Saturday, January 14, 2012

Occupy food: College co-op advocates gather in Berkeley

January 6, 2012
by Sarah Henry
from Berkeleyside

Taking matters beyond burritos, pizza, and beer, a boot camp for college food activists from across the country kicks off today at Berkeley Student Cooperative‘s Cloyne Court Hotel. The intensive, three-day retreat is designed to help train students who want to run campus co-op food cafés and stores stocked with wholesome foods for college kids seeking something other than a steady diet of fast food.

The event, dubbed “Occupy Your Plate,” is sponsored by the year-old Cooperative Food Empowerment Directive (CoFED), a Berkeley-based program that was inspired by the launch of the Berkeley Student Food Collective (BSFC), across the street from campus on Bancroft Way. Speakers at the training include People’s Grocery executive director Nikki Henderson; cookbook author Mollie Katzen; CoFED supporters include Cal professor and author Michael Pollan.

We spoke with CoFed co-founder and UC Berkeley graduate Yoni Landau — who was instrumental in getting the BSFC up and running and, in 2009, lead a protest to keep the Chinese fast-food chain Panda Express off campus – about what’s cooking with the CoFED crew this weekend and in 2012, which has been dubbed the International Year of Cooperatives by the United Nations.

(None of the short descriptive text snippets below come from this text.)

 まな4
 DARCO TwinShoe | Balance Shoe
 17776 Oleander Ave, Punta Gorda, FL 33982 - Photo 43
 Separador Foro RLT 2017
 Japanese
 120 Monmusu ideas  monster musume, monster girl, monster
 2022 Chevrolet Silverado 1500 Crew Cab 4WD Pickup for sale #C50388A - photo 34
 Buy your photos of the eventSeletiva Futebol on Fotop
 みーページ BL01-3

What were some highlights from CoFED’s first year?

At the University of Seattle students secured a rent-free café space for a co-op cafe in their nutrition sciences department. At UC Santa Barbara, students received funds for a mobile-powered solar food cart. And at George Washington University in DC, CoFED training attendees won the top student enterprise grant on campus. These things happened within six months of these students being inspired to start a food co-op at a CoFED training.

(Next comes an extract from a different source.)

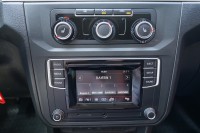 VW Caddy 2.0 TDI Trendline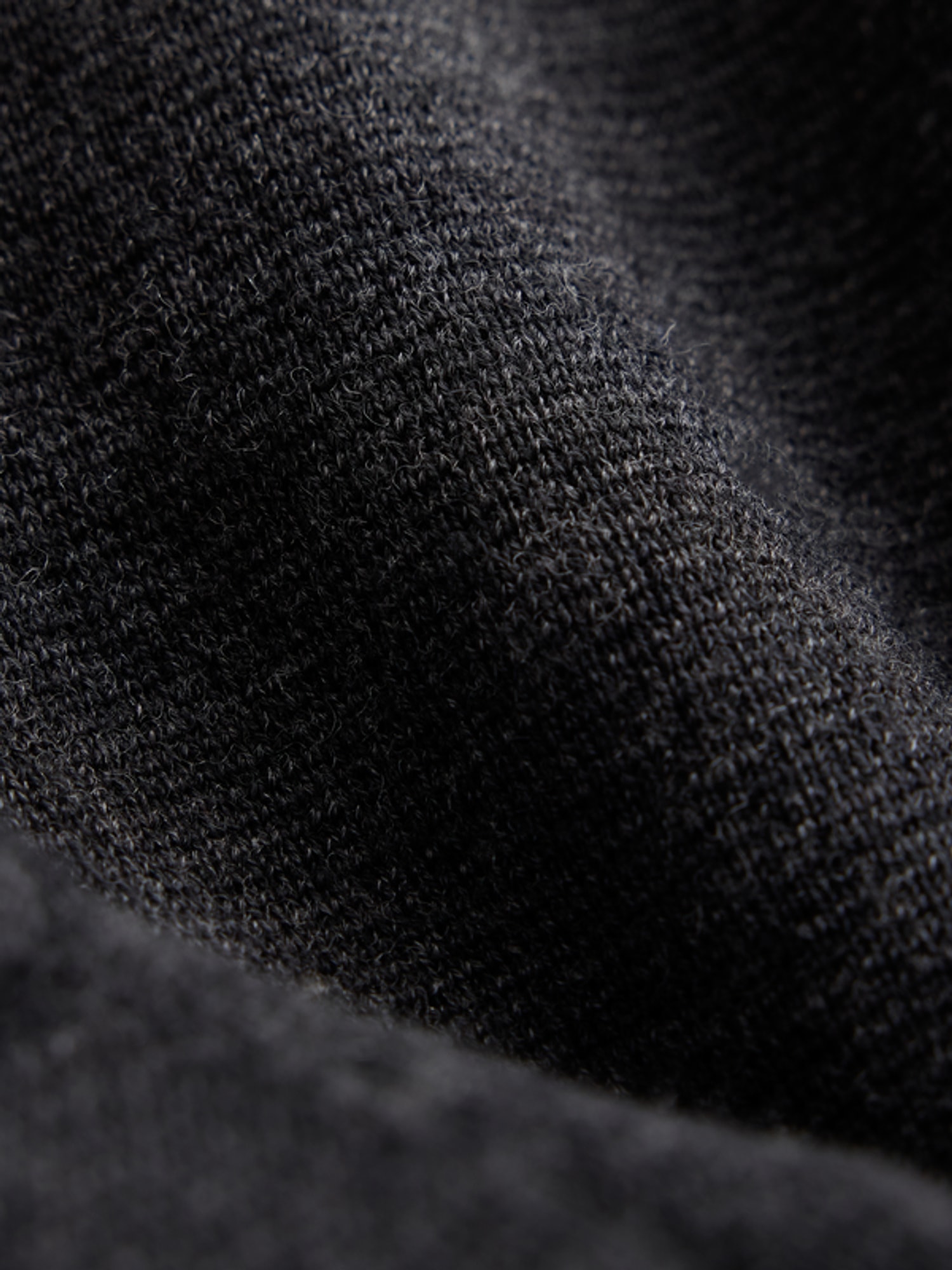 Nina Merino Pants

Raising our first 200k, having Forbes.com list us as one of the top five ideas in food and sustainability, a Huffington Post nod, and electing the dream team board of directors was also pretty great.

Probably the most lasting highlight: when we had a one word, “how do you feel” check-out at the end of our very first workshop and the quiet kid said, “inspiregized.”

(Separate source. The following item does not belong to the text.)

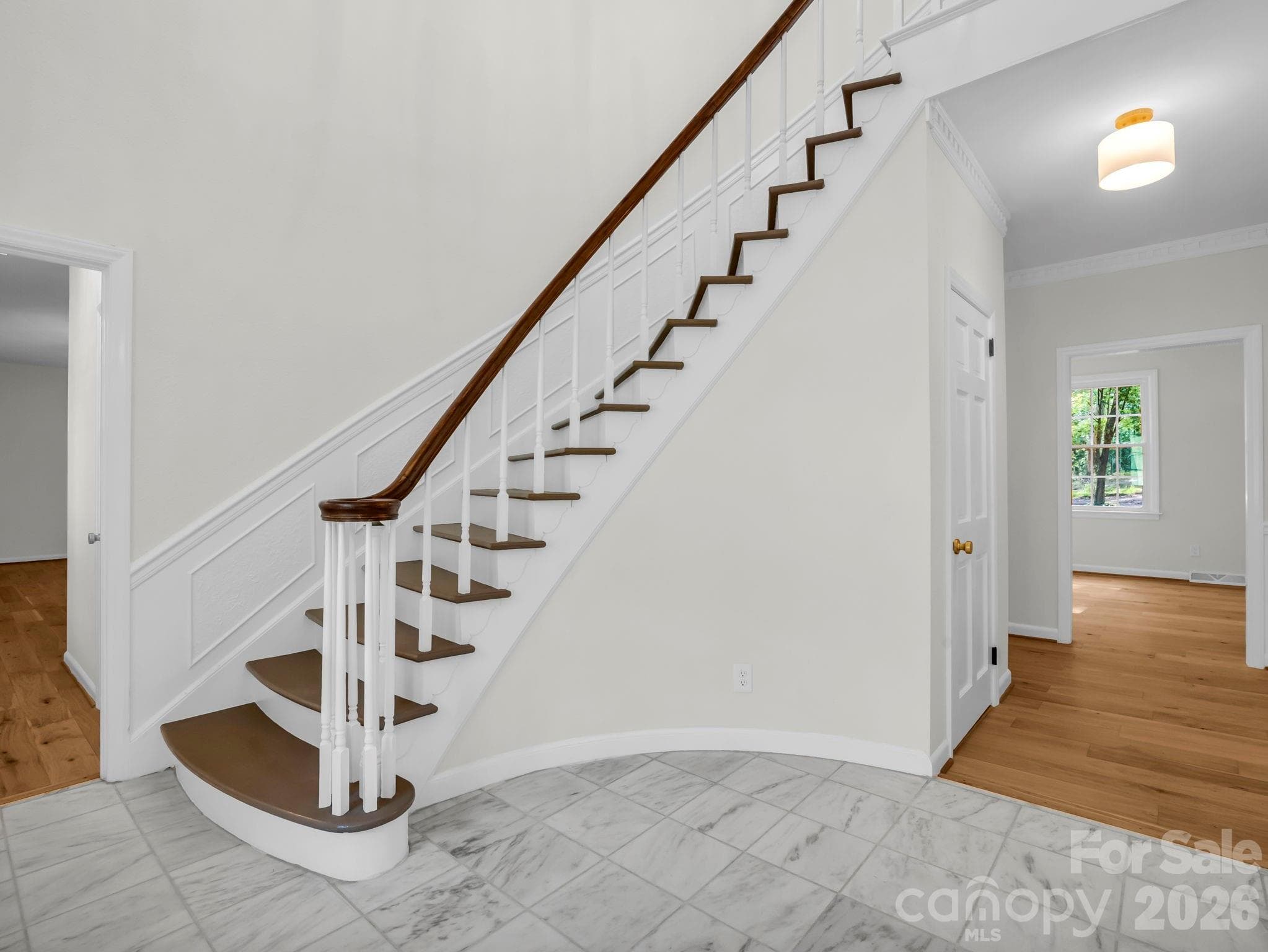 Single Family Residence at 320 Country Club Acres None, Shelby, photo 16 of 96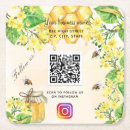 Search for bumble bee coasters Honeycomb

Who is coming to the training this weekend?

College students from all over the U.S. and Canada who want to learn how to create cooperative, sustainable food enterprises will attend. They are grad students and freshmen, economics majors, geography majors, sustainable agriculture majors and nutrition sciences majors. For the most part, they are ambitious, idealistic and won’t take no for an answer. They want to help the world around them get to a great big “yes.”

Why hold the training here in Berkeley?

If you want to learn how to play jazz, you go to New York — it’s not like that’s the only place that jazz is played. Berkeley is an incubator for the food movement.

Can you give us an update on the Berkeley Student Food Collective?

Sales have steadily grown at the new storefront towards break-even, leadership has turned over, the education and event planning is thriving. Maybe most surprising: several fridges broke in the first month the store was open. At its November fundraising gala (and one-year anniversary for the store) over 100 people dropped 50 bucks a head to watch students sing the food co-op fundraising song (mainly a capella). They rule.

Are there other successful food co-ops on campuses around the country?

There are over two dozen examples on campuses in the US and Canada. Maryland’s Food Collective is one of our favorites. It’s been running since the ’70s, does over $700,000 in sales annually, and is a thriving part of the campus “scene.” Students can volunteer for an hour to get a local, organic lunch — it’s a low barrier of entry into the community.

How is CoFED funded?

Last year we got 115 people to commit to giving 10 or more dollars a month and it was a large part of our funding. This year we’re going to triple that with 212 new monthly donors.

Much of the non-profit industrial complex will come down with crony capitalism. If we’re looking to create a new world, we have to build it on foundations that are aligned with our ends. Too many non-profits are stuck in foundation worship mode — it’s a death stroke if you ask me. Not that I’m not grateful, and I love spending time with these people, they’re usually pretty wonderful.

But in five years, we plan to be primarily funded by monthly supporters and the ownership shares paid by our members.

What, exactly, is going to happen over the weekend and what do you hope to achieve?

The magic that happens at these things is hard to pin down — young people leave changed. Part of that is the weird eye contact exercise and part of it is finally finding that community of real peers that they may never have had before. Part of it is definitely learning basic accounting and business planning. Our goal is to help students leave with the inspiration and tools to create the change they want to see on their campus in the form of a cooperative, sustainable food enterprise.

What does “Occupy Your Plate” mean to you?

By occupy, we mean to remove what we don’t like and create what we do like. Western, secular culture is the first human culture to lose its dinner-table rituals. Thousands of years of cementing cultural norms over food are basically gone with us. Bringing back gratitude, honesty and empathy to our most basic social function — eating with loved ones — is the most important thing we can do to shift our culture in a holistic way.

The occupy movement has reinspired us, or me at least. It hasn’t always been easy to make every decision based on my highest values; you want to take short cuts. My friends sleeping in the cold are reminders that you can’t take shortcuts to create a more democratic, just and sustainable world. You just have to do it.